Confusing the meerkat

It’s a funny thing, insurance. Well, it is until you you have to pay for it.
Or indeed, until you have to explain it to someone who never has had to pay for it.
“Daaaad, what’s car insurance?” ask the little ones, as yet another price comparison advert comes on the telly. How best to explain while protecting their innocence?
Well, a good way to teach is in parables: you use an example of something that your pupil is already familiar with in order to explain something more complicated and abstract that they don’t yet understand.
And luckily the younger brethren have a ready-made example right in front of them, in the form of the Grand National.
For was it not their very own dad who a couple of weeks ago forked out his hard-earned dosh on a number of promising nags (well, their names sounded promising), all but one of whom ended up as also-rans, and the other of whom (top grammar) brought home the princely sum of £3 as a disappointing each-way shot?
They understood that all right – or at least they understood the post-race cursing. So why shouldn’t they understand premiums, no-claims bonuses, excesses and courtesy cars?
Because, with apologies to Terry Pratchett, and his “inn-sewer-ants” joke, insurance is nothing more than institutionalised gambling.
You have a middle-sized car and a comparatively small amount of money. The insurance company has a comparatively large amount of money and maybe a courtesy car, which is never as good as yours.
You bet your money that your car will get nicked, or hit by someone else’s dodgy motor after they left the handbrake off at the top of a hill, or blown away to the Land of Oz in a tornado, or one of the other nasty things that insurance companies threaten you with to try to make you sign up with them.
The insurance company bets big money that none of these things will happen, and that your car will survive the year without being TDA’d, scraped or twistered.
You pay your stake (sorry, premium), and if you win the bet you can claim the big payout, which you then get to spend on another car.
The insurance firm meanwhile has taken your money, bundled it up with all the other punters’ dough and laid off an enormous bet on the re-insurance market, which is not explicable by graphs, pie charts, Venn diagrams or any other means at the disposal of your average parent.
Not even rich godfather, who works in it, has ever been able to explain said market to anyone’s satisfaction.
By this point though the kids are starting to lose interest, if not the plot. “Daaaaad, what’s a meerkat?” they venture. “Daaaaad, why are all those scary people staring into webcams on confused.com?”
Again, these questions are best answered in parables.

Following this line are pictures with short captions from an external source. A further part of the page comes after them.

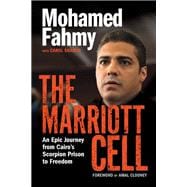 The Marriott Cell An Epic Journey from Cairo's Scorpion Prison to Freedom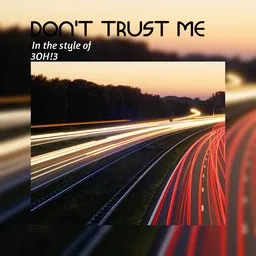 Cover art for Don't Trust Me - 3OH!3 karaoke version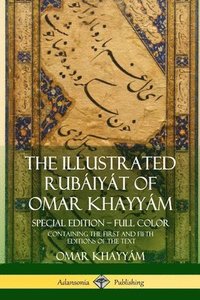 bokomslag The Illustrated Rubiyt of Omar Khayym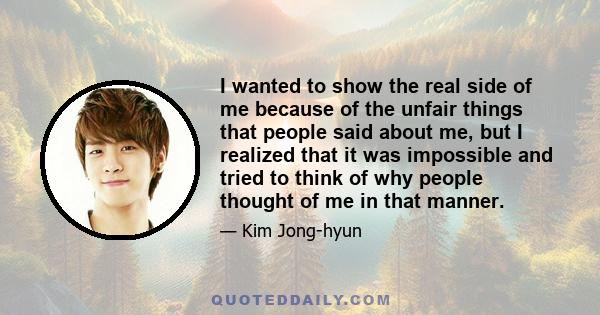 I wanted to show the real side of me because of the unfair things that people said about me, but I realized that it was impossible and tried to think of why people thought of me in that manner.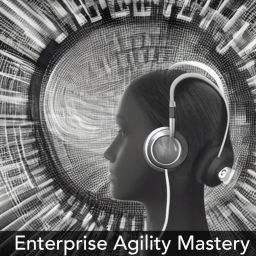 Podcast thumbnail for Enterprise Agility Mastery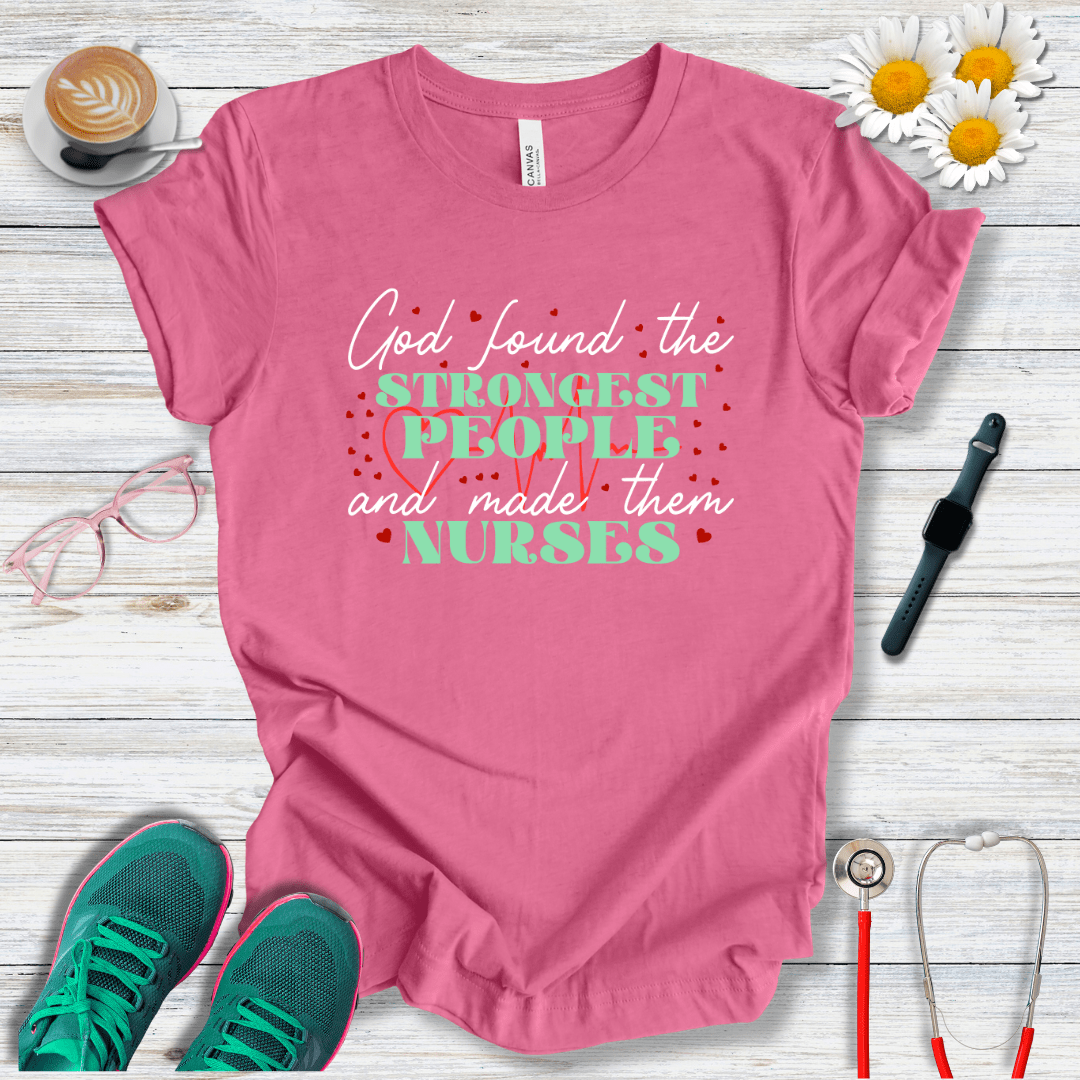 God Found the Strongest People and Made Them Nurses T-Shirt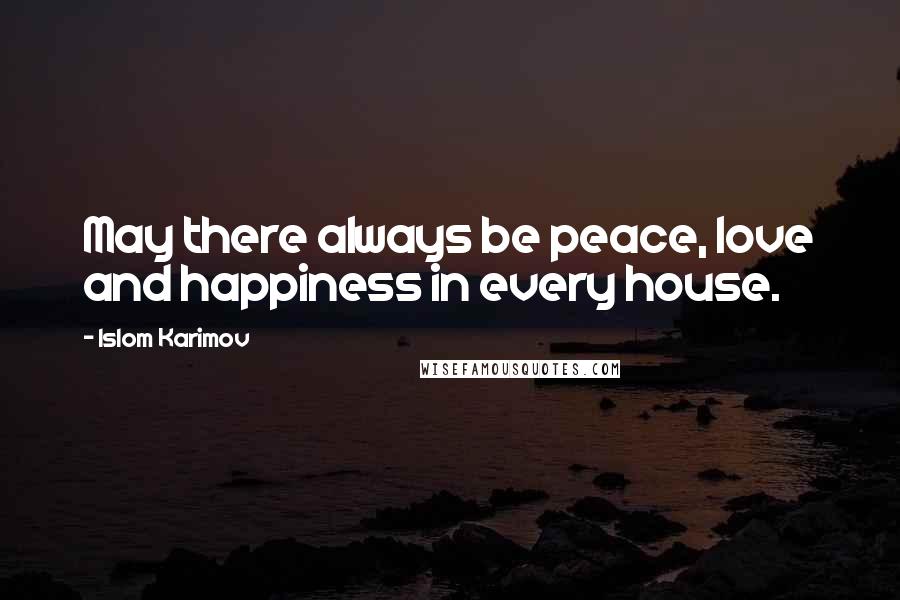 Islom Karimov Quotes: May there always be peace, love and happiness in every house.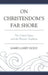 On Christendom's Far Shore: The United States and the Western Tradition by James Larry Hood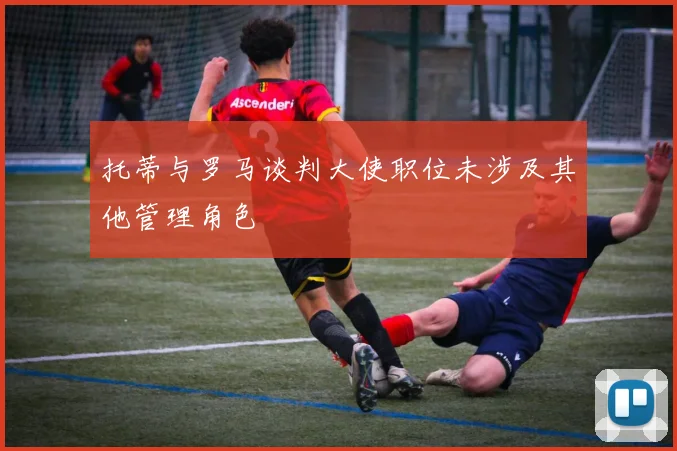 托蒂与罗马谈判大使职位未涉及其他管理角色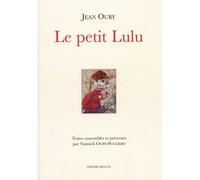 Le petit Lulu - Jean Oury - Millon Jerome Eds - broché - Essai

For it came to pass that a company looked upon the profits made by the insurance companies and saw that they were good, yea even amid a crunching of credit.
And the company said “Lo, let us dress up a cute desert-dwelling member of the mongoose family in a velvet smoking jacket. And lo, let us give it a fake middle European accent and put it in an advert, for verily the punters can’t get enough of that anthropomorphic stuff, like unto the tea-swilling chimps and the bogroll-unrolling puppies. And lo, let us take a tithe of the insurance companies’ wonga even unto ourselves. Lo, lo and thrice lo.”
And the people did look upon the advert, and saw that it was passing good, at least the first time they saw it. But verily, after threescore viewings and ten, they grew vexed and weary with it, and threw the cat at the telly.
“Daaaad....”
A lightly trimmed version of this is due to be my column in The Bath Chronicle on April 16 2009. Or April 19, as I keep thinking of it for some reason.